**Problem to work on:** All entries below must be output word for word, and the pictures left behind.

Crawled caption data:
══════

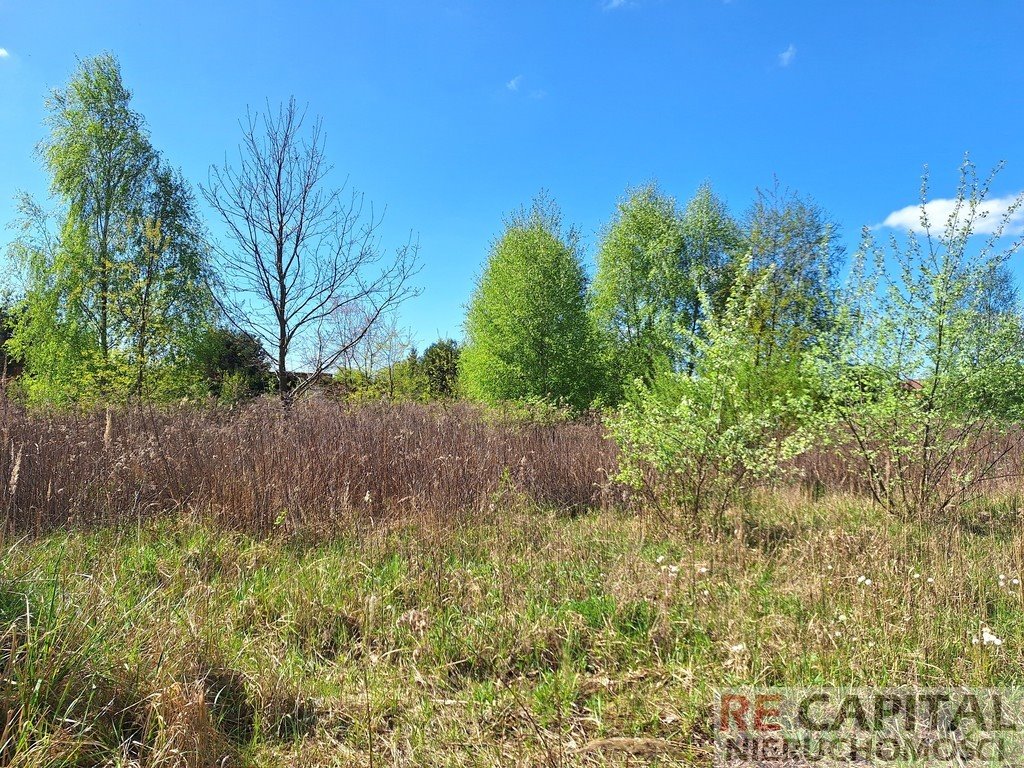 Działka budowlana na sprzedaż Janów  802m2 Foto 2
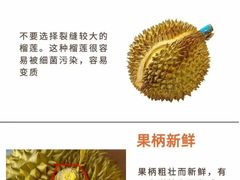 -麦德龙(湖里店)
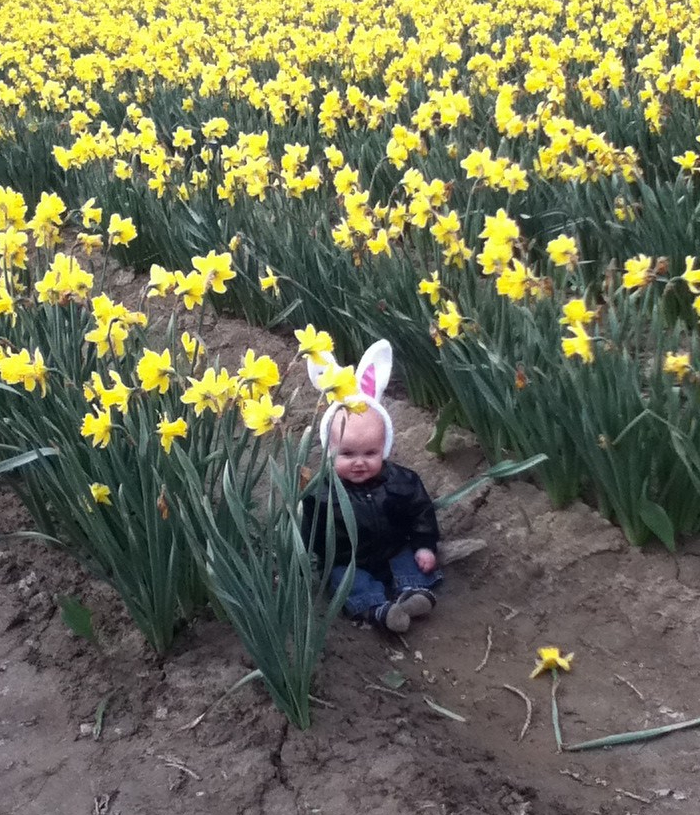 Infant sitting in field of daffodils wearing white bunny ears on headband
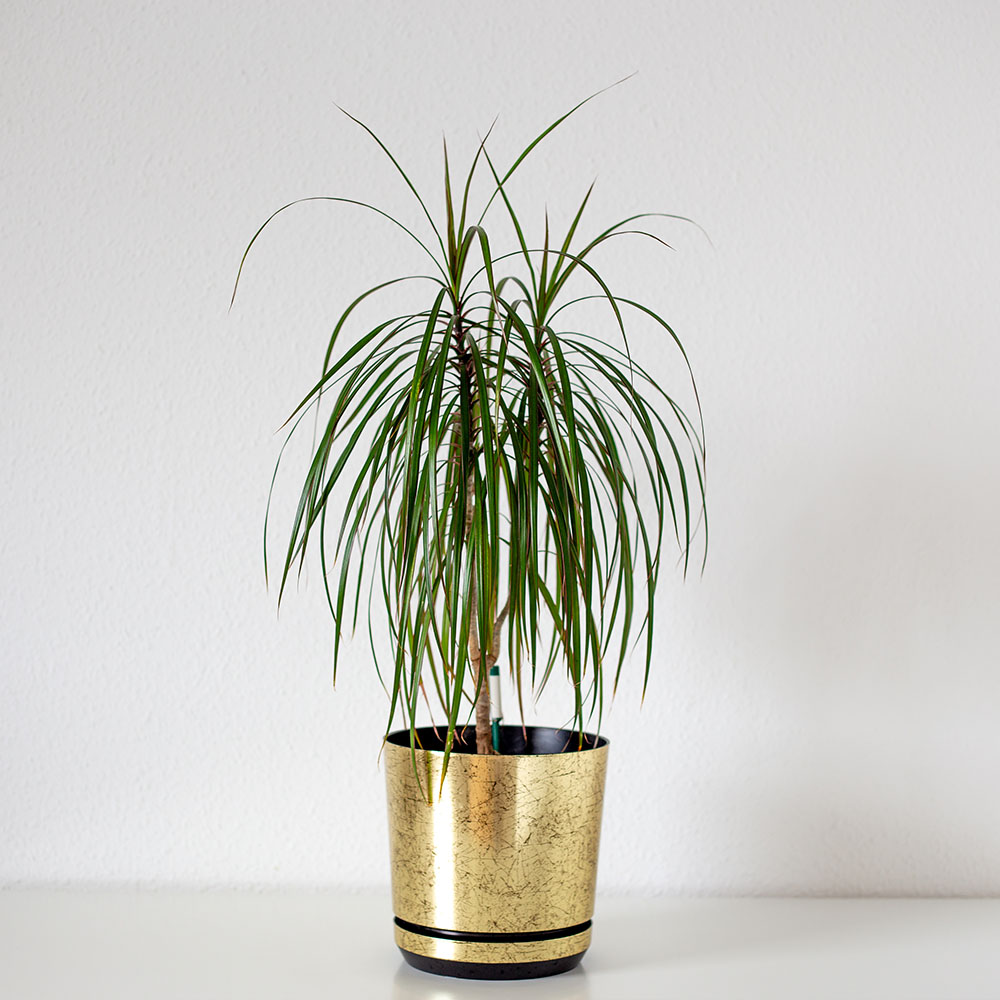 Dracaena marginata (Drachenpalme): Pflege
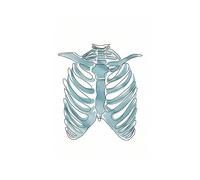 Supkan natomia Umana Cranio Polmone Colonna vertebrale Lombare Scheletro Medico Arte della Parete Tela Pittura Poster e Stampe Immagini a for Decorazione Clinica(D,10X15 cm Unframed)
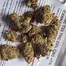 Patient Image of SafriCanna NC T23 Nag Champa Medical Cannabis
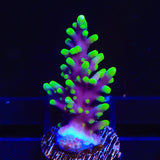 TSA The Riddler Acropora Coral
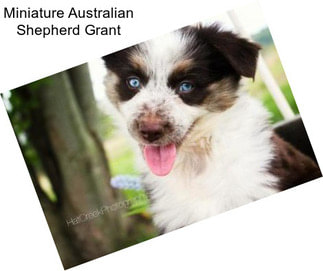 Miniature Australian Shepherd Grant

══════

**Expected answer:**
 Działka budowlana na sprzedaż Janów  802m2 Foto 2
 -麦德龙(湖里店)
 Infant sitting in field of daffodils wearing white bunny ears on headband
 Dracaena marginata (Drachenpalme): Pflege
 Supkan natomia Umana Cranio Polmone Colonna vertebrale Lombare Scheletro Medico Arte della Parete Tela Pittura Poster e Stampe Immagini a for Decorazione Clinica(D,10X15 cm Unframed)
 Patient Image of SafriCanna NC T23 Nag Champa Medical Cannabis
 TSA The Riddler Acropora Coral
 Miniature Australian Shepherd Grant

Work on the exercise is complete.